At the height of the great 1919 steel strike, the U.S. press carried so little news of the dispute that 32 labor editors decided to start a cooperative, nonprofit news service solely to cover union activities. The agency: Federated Press. Since 1922 the F.P. has been run by Carl Haessler, a Detroit newsman, publicist, e.g., with the Institute for Mortuary Research, and a self-styled “anticapitalist” who was court-martialed for refusing to put on an Army uniform in World War I, later went to Alcatraz for leading a prison strike. Not long after its founding, F.P. began to toe the Socialist and later the Communist Party line, employed many Communist editors and correspondents.
F.P. barely survived the early Depression, but revived rapidly under the New Deal, when the C.I.O. started dozens of union papers. Despite its Red sympathies, F.P. boasted some 200 subscribers (including many anti-Communist publications) at its peak shortly after World War II. But the agency’s biggest support came from labor journals. In 1949, when the C.I.O. started cleaning out Red unions, a non-Communist labor news service called the Labor Press Association siphoned away many union papers.
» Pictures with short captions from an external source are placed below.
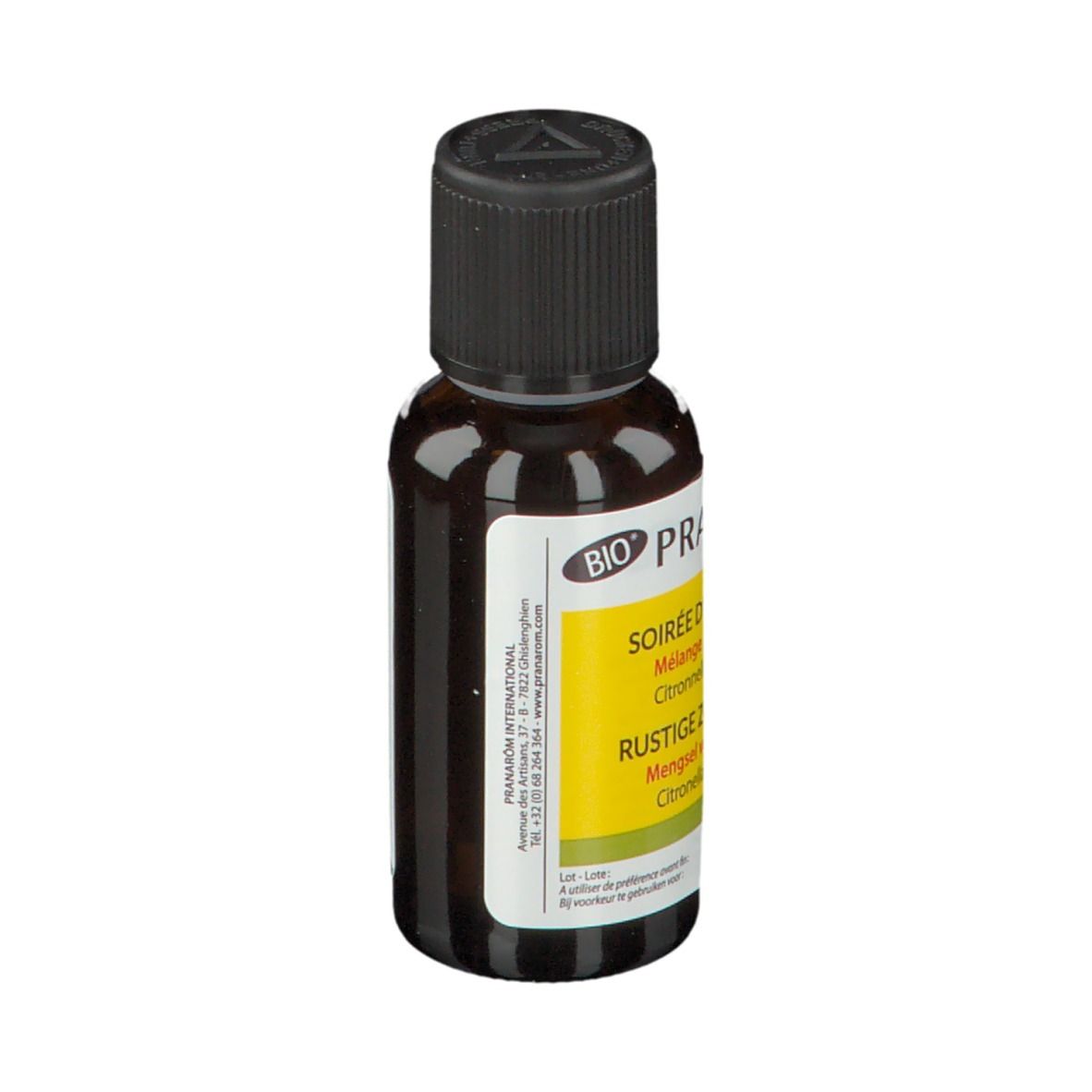 Flacon en verre brun avec bouchon noir. Étiquette jaune avec texte. Marque Bio Pranarôm.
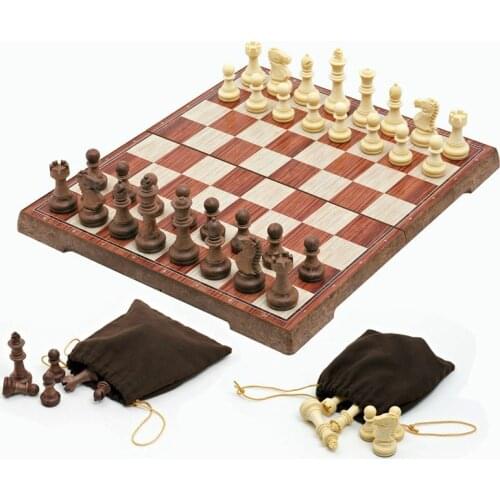 Classical International Chess Checkers Folding Magnetic High-grade wood WPC grain Board Chess Game English version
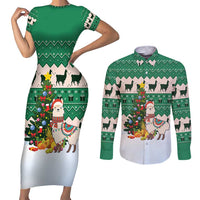 Llama Decorating Tree in Santa Hat Couples Matching Short Sleeve Bodycon Dress and Long Sleeve Button Shirt with Green Gift Pattern Design - Wonder Print Shop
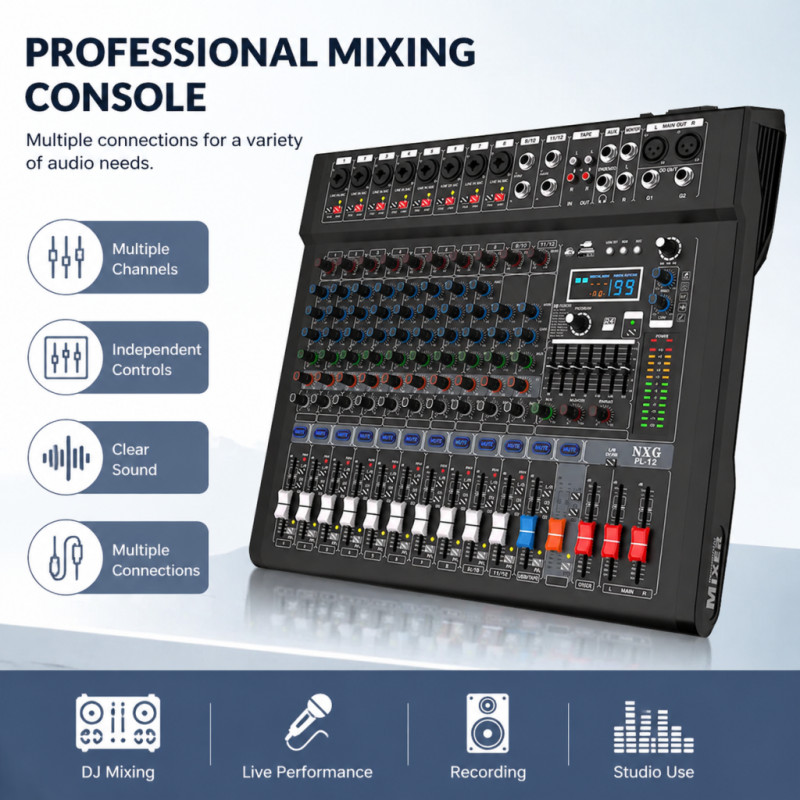 12-channel professional mixer with 99 DSP effects and Bluetooth/USB connectivity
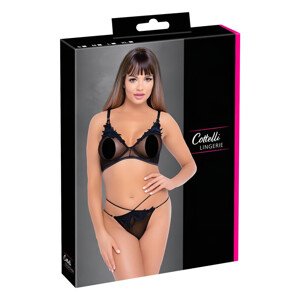 Cottelli - prozirni, čipkasti grudnjak set (crni) - L
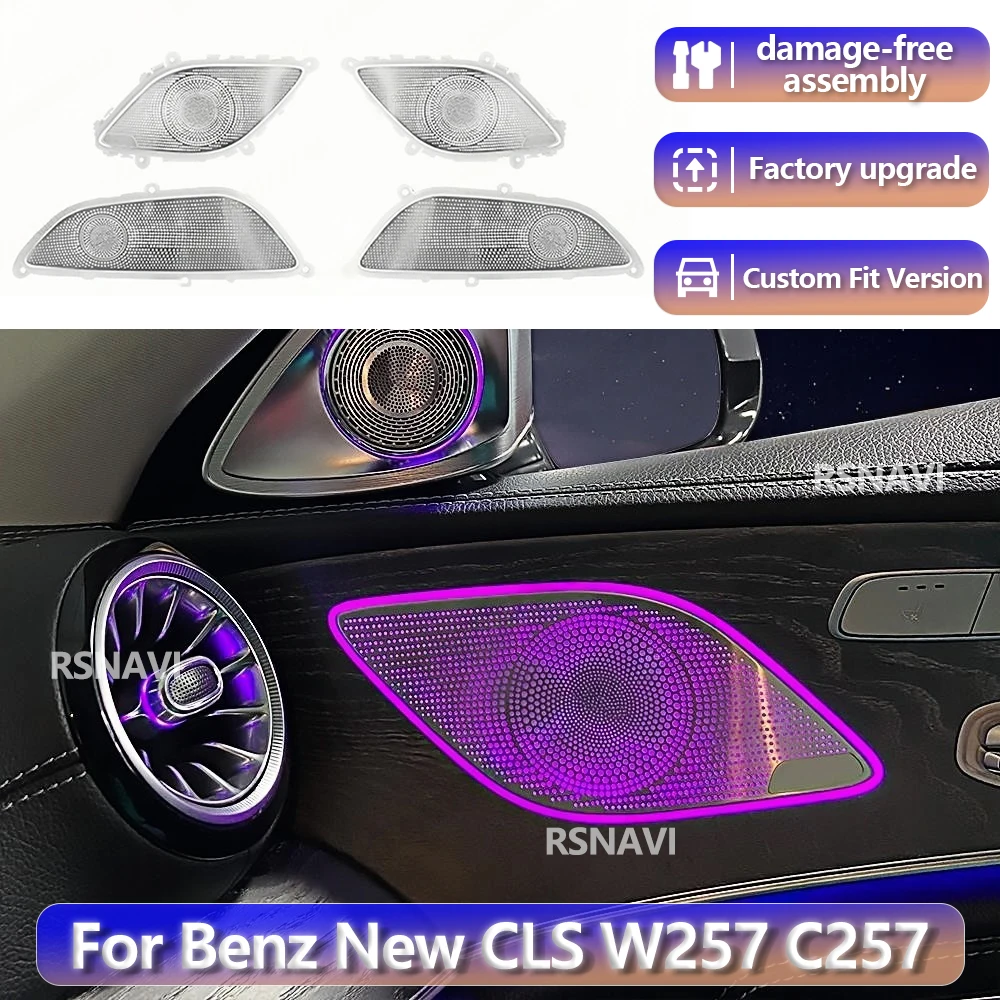 

Светодиодная RGB-подсветка для дверей автомобиля Mercedes-Benz CLS-Class W257 C257 2018-2026, 64 цвета, металлическая декоративная накладка на динамик с подсветкой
Though L.P.A. folded in 1954, Haessler survived by servicing the two principal U.S. Communist dailies—Manhattan’s Daily Worker and San Francisco’s People’s World—and a hard core of leftwing unions.
Last month, with fewer than 50 subscribers, Haessler, 68, decided to suspend operations “temporarily.” Last week he announced in Detroit that Federated Press would not resume service.